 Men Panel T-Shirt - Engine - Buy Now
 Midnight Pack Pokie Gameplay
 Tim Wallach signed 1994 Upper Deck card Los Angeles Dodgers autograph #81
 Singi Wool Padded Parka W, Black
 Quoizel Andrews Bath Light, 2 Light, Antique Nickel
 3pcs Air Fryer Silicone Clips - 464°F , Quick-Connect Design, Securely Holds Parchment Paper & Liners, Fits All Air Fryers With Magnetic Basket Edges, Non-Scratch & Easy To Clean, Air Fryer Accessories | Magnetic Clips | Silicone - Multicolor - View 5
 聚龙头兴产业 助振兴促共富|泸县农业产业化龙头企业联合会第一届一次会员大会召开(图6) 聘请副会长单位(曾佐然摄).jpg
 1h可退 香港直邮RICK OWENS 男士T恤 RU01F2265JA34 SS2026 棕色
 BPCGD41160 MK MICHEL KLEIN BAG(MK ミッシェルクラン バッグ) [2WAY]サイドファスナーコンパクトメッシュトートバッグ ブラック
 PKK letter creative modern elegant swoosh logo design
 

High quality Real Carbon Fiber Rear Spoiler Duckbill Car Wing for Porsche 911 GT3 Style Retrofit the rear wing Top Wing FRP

==

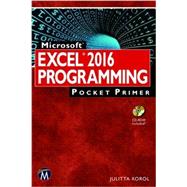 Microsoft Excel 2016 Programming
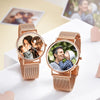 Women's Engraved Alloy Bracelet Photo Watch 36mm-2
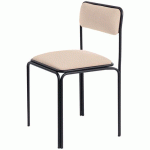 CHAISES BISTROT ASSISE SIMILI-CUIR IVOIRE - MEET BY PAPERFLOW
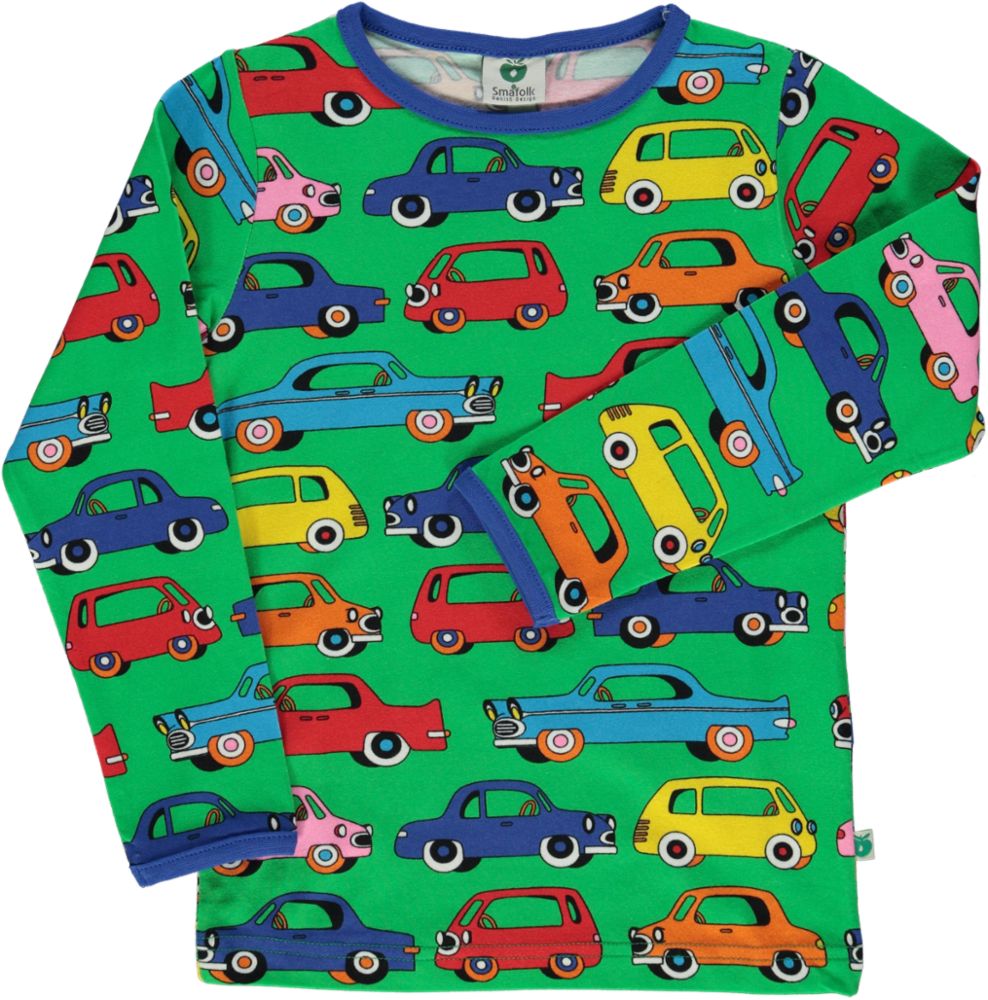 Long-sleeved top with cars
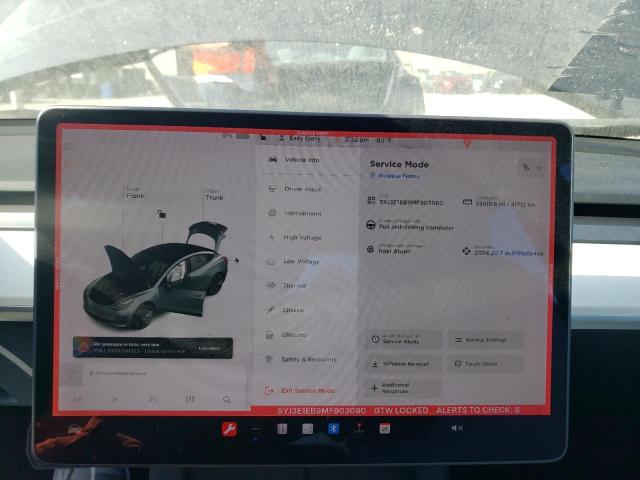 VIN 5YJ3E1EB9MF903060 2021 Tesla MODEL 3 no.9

...

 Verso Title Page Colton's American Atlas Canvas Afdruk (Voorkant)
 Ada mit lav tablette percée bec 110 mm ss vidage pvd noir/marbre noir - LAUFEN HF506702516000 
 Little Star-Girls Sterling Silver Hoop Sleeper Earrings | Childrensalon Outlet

What the task asks >>
All that is wanted is a faithful reproduction of the line above with "聚龙头兴产业 助振兴促共富|泸县农业产业化龙头企业联合会第一届一次会员大会召开(图6) 聘请副会长单位(曾佐然摄).jpg", the line with "High quality Real", and every line in between.

Your response >>
 聚龙头兴产业 助振兴促共富|泸县农业产业化龙头企业联合会第一届一次会员大会召开(图6) 聘请副会长单位(曾佐然摄).jpg
 1h可退 香港直邮RICK OWENS 男士T恤 RU01F2265JA34 SS2026 棕色
 BPCGD41160 MK MICHEL KLEIN BAG(MK ミッシェルクラン バッグ) [2WAY]サイドファスナーコンパクトメッシュトートバッグ ブラック
 PKK letter creative modern elegant swoosh logo design
 

High quality Real Carbon Fiber Rear Spoiler Duckbill Car Wing for Porsche 911 GT3 Style Retrofit the rear wing Top Wing FRP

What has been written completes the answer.